• The Octonaut@mander.xyz
    link
    fedilink
    English
    arrow-up
    24
    ·
    23 hours ago

    the accepted terminology

    No, it isn’t. The OSI specifically requires the training data be available or at very least that the source and fee for the data be given so that a user could get the same copy themselves. Because that’s the purpose of something being “open source”. Open source doesn’t just mean free to download and use.

    https://opensource.org/ai/open-source-ai-definition

    Data Information: Sufficiently detailed information about the data used to train the system so that a skilled person can build a substantially equivalent system. Data Information shall be made available under OSI-approved terms.

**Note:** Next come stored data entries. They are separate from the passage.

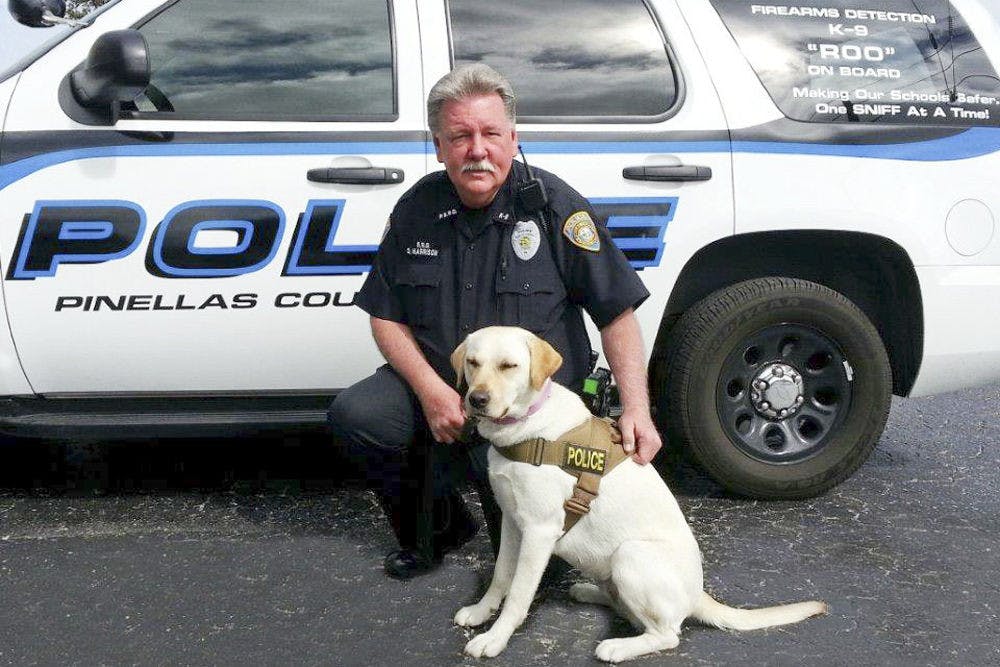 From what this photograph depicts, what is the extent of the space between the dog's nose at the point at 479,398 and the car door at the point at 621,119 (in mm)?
1067

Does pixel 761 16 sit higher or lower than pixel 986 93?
higher

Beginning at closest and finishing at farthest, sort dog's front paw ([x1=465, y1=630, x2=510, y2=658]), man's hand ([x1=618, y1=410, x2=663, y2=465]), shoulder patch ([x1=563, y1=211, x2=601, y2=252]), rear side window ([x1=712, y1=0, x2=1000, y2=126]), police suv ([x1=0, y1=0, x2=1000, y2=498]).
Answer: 1. dog's front paw ([x1=465, y1=630, x2=510, y2=658])
2. man's hand ([x1=618, y1=410, x2=663, y2=465])
3. shoulder patch ([x1=563, y1=211, x2=601, y2=252])
4. police suv ([x1=0, y1=0, x2=1000, y2=498])
5. rear side window ([x1=712, y1=0, x2=1000, y2=126])

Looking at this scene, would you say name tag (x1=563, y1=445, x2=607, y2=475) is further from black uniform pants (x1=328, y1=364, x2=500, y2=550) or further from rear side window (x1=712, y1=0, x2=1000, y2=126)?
rear side window (x1=712, y1=0, x2=1000, y2=126)

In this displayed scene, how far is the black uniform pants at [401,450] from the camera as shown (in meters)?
2.71

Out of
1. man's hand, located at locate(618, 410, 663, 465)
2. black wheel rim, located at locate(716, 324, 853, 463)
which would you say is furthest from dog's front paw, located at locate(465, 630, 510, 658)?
black wheel rim, located at locate(716, 324, 853, 463)

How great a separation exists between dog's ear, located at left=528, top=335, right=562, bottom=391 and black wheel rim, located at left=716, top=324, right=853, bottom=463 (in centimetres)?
119

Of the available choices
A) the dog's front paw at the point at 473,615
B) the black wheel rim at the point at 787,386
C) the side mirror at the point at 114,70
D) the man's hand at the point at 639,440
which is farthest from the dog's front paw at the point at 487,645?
the side mirror at the point at 114,70

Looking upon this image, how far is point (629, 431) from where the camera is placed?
247cm

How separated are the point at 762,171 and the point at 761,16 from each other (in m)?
0.53

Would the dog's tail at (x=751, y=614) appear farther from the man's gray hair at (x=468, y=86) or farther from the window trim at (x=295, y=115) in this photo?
the window trim at (x=295, y=115)

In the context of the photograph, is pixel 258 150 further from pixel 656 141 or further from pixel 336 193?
pixel 656 141

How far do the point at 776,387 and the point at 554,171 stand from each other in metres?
1.03

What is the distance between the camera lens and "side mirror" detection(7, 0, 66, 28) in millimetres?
3250

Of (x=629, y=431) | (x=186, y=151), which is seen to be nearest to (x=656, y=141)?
(x=629, y=431) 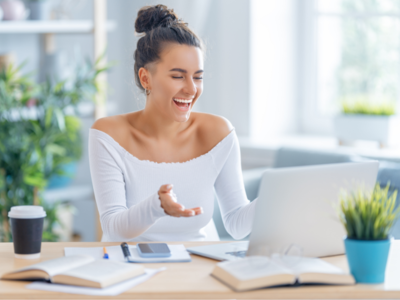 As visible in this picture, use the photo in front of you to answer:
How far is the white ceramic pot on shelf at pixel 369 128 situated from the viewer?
2.90m

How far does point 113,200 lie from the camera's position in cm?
162

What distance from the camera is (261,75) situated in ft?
11.0

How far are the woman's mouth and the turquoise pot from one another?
0.76 m

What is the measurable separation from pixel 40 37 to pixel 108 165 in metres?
2.00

    In particular, this must include: (1) the complete description of all data used for training, including (if used) of unshareable data, disclosing the provenance of the data, its scope and characteristics, how the data was obtained and selected, the labeling procedures, and data processing and filtering methodologies; (2) a listing of all publicly available training data and where to obtain it; and (3) a listing of all training data obtainable from third parties and where to obtain it, including for fee.

    As per their paper, DeepSeek R1 required a very specific training data set because when they tried the same technique with less curated data, they got R"zero’ which basically ran fast and spat out a gibberish salad of English, Chinese and Python.

    People are calling DeepSeek open source purely because they called themselves open source, but they seem to just be another free to download, black-box model. The best comparison is to Meta’s LlaMa, which weirdly nobody has decided is going to up-end the tech industry.

    In reality “open source” is a terrible terminology for what is a very loose fit when basically trying to say that anyone could recreate or modify the model because they have the exact ‘recipe’.